*** Records for processing ***
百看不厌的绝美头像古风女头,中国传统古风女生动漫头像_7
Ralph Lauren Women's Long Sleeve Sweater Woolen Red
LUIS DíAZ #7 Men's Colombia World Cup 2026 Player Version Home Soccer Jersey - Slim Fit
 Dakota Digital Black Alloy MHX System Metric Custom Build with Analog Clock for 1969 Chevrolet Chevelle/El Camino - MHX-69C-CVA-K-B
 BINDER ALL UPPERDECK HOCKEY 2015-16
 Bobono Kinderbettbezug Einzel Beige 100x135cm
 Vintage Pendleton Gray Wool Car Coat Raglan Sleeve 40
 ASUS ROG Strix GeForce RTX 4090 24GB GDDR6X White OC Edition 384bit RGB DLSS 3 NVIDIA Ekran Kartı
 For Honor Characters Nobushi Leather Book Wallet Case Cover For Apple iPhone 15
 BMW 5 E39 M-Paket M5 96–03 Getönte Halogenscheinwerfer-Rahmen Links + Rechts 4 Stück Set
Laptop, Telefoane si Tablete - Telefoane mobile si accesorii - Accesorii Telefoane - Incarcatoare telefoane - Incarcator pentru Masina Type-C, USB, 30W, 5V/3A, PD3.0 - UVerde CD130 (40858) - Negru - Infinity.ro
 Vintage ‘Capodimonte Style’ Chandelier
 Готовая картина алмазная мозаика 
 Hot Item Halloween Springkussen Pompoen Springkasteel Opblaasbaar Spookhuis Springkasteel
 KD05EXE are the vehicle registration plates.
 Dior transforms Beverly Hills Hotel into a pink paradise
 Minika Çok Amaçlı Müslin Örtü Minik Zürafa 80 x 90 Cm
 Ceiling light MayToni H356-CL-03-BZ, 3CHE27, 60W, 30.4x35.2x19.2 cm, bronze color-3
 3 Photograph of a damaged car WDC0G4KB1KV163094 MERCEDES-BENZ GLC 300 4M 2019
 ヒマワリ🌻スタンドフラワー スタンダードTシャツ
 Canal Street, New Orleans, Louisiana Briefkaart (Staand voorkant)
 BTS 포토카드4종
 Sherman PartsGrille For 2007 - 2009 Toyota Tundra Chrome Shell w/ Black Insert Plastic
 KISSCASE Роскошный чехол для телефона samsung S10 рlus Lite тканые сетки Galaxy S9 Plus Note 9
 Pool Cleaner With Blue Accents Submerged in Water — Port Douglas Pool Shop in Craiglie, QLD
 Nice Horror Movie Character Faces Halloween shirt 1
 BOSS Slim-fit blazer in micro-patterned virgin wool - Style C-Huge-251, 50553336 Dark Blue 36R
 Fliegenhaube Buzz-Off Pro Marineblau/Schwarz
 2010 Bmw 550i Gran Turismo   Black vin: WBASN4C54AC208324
*** End of Records for processing ***
### Task details
Nothing is to be left out. Repeat the whole listing exactly.

### Solution for this task
百看不厌的绝美头像古风女头,中国传统古风女生动漫头像_7
Ralph Lauren Women's Long Sleeve Sweater Woolen Red
LUIS DíAZ #7 Men's Colombia World Cup 2026 Player Version Home Soccer Jersey - Slim Fit
 Dakota Digital Black Alloy MHX System Metric Custom Build with Analog Clock for 1969 Chevrolet Chevelle/El Camino - MHX-69C-CVA-K-B
 BINDER ALL UPPERDECK HOCKEY 2015-16
 Bobono Kinderbettbezug Einzel Beige 100x135cm
 Vintage Pendleton Gray Wool Car Coat Raglan Sleeve 40
 ASUS ROG Strix GeForce RTX 4090 24GB GDDR6X White OC Edition 384bit RGB DLSS 3 NVIDIA Ekran Kartı
 For Honor Characters Nobushi Leather Book Wallet Case Cover For Apple iPhone 15
 BMW 5 E39 M-Paket M5 96–03 Getönte Halogenscheinwerfer-Rahmen Links + Rechts 4 Stück Set
Laptop, Telefoane si Tablete - Telefoane mobile si accesorii - Accesorii Telefoane - Incarcatoare telefoane - Incarcator pentru Masina Type-C, USB, 30W, 5V/3A, PD3.0 - UVerde CD130 (40858) - Negru - Infinity.ro
 Vintage ‘Capodimonte Style’ Chandelier
 Готовая картина алмазная мозаика 
 Hot Item Halloween Springkussen Pompoen Springkasteel Opblaasbaar Spookhuis Springkasteel
 KD05EXE are the vehicle registration plates.
 Dior transforms Beverly Hills Hotel into a pink paradise
 Minika Çok Amaçlı Müslin Örtü Minik Zürafa 80 x 90 Cm
 Ceiling light MayToni H356-CL-03-BZ, 3CHE27, 60W, 30.4x35.2x19.2 cm, bronze color-3
 3 Photograph of a damaged car WDC0G4KB1KV163094 MERCEDES-BENZ GLC 300 4M 2019
 ヒマワリ🌻スタンドフラワー スタンダードTシャツ
 Canal Street, New Orleans, Louisiana Briefkaart (Staand voorkant)
 BTS 포토카드4종
 Sherman PartsGrille For 2007 - 2009 Toyota Tundra Chrome Shell w/ Black Insert Plastic
 KISSCASE Роскошный чехол для телефона samsung S10 рlus Lite тканые сетки Galaxy S9 Plus Note 9
 Pool Cleaner With Blue Accents Submerged in Water — Port Douglas Pool Shop in Craiglie, QLD
 Nice Horror Movie Character Faces Halloween shirt 1
 BOSS Slim-fit blazer in micro-patterned virgin wool - Style C-Huge-251, 50553336 Dark Blue 36R
 Fliegenhaube Buzz-Off Pro Marineblau/Schwarz
 2010 Bmw 550i Gran Turismo   Black vin: WBASN4C54AC208324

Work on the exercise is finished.